Once you find the line with "V-MART Casual Solid Women Yellow Top" in the data that follows, repeat it and every line after it exactly, through the line with "CrisisCMD Key Info".

§ **Input data**:
--------------------------------
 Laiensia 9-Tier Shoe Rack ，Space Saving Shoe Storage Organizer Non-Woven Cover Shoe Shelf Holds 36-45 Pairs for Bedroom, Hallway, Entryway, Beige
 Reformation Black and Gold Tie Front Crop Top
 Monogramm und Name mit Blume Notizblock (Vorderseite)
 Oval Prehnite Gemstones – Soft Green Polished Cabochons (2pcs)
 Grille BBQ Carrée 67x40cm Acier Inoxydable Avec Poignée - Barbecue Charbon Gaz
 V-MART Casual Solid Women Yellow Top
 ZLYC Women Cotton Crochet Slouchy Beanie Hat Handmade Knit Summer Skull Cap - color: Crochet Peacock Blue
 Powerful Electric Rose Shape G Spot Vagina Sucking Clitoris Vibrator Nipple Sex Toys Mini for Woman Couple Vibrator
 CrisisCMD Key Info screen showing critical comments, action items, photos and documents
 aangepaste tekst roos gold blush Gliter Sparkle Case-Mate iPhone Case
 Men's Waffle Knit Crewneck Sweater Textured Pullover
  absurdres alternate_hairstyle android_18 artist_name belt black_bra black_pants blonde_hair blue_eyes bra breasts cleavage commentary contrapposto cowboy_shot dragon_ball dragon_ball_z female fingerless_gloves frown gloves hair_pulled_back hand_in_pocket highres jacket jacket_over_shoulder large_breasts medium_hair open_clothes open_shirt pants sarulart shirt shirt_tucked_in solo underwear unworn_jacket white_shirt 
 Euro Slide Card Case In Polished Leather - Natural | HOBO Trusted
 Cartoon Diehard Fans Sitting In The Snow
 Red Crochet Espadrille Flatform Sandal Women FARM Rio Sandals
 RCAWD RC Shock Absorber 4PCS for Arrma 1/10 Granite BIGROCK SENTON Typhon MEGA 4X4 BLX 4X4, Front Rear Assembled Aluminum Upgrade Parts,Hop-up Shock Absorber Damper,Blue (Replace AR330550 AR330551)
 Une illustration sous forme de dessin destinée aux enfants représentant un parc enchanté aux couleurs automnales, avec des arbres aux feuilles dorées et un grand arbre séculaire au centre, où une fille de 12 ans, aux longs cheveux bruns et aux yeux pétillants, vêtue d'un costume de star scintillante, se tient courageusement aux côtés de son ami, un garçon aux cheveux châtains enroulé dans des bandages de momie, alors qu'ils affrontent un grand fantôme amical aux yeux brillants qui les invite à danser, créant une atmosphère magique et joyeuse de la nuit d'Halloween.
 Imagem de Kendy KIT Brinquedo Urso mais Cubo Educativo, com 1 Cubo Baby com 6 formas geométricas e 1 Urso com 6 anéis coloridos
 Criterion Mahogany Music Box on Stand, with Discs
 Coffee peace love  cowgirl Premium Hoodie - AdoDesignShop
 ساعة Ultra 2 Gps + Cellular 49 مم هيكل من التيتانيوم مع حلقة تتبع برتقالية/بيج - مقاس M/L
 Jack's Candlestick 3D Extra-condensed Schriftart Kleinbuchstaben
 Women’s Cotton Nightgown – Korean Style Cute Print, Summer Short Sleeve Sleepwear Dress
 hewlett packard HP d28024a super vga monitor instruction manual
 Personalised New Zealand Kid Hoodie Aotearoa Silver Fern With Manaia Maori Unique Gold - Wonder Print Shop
--------------------------------
§ **Exercise solution**:
 V-MART Casual Solid Women Yellow Top
 ZLYC Women Cotton Crochet Slouchy Beanie Hat Handmade Knit Summer Skull Cap - color: Crochet Peacock Blue
 Powerful Electric Rose Shape G Spot Vagina Sucking Clitoris Vibrator Nipple Sex Toys Mini for Woman Couple Vibrator
 CrisisCMD Key Info screen showing critical comments, action items, photos and documents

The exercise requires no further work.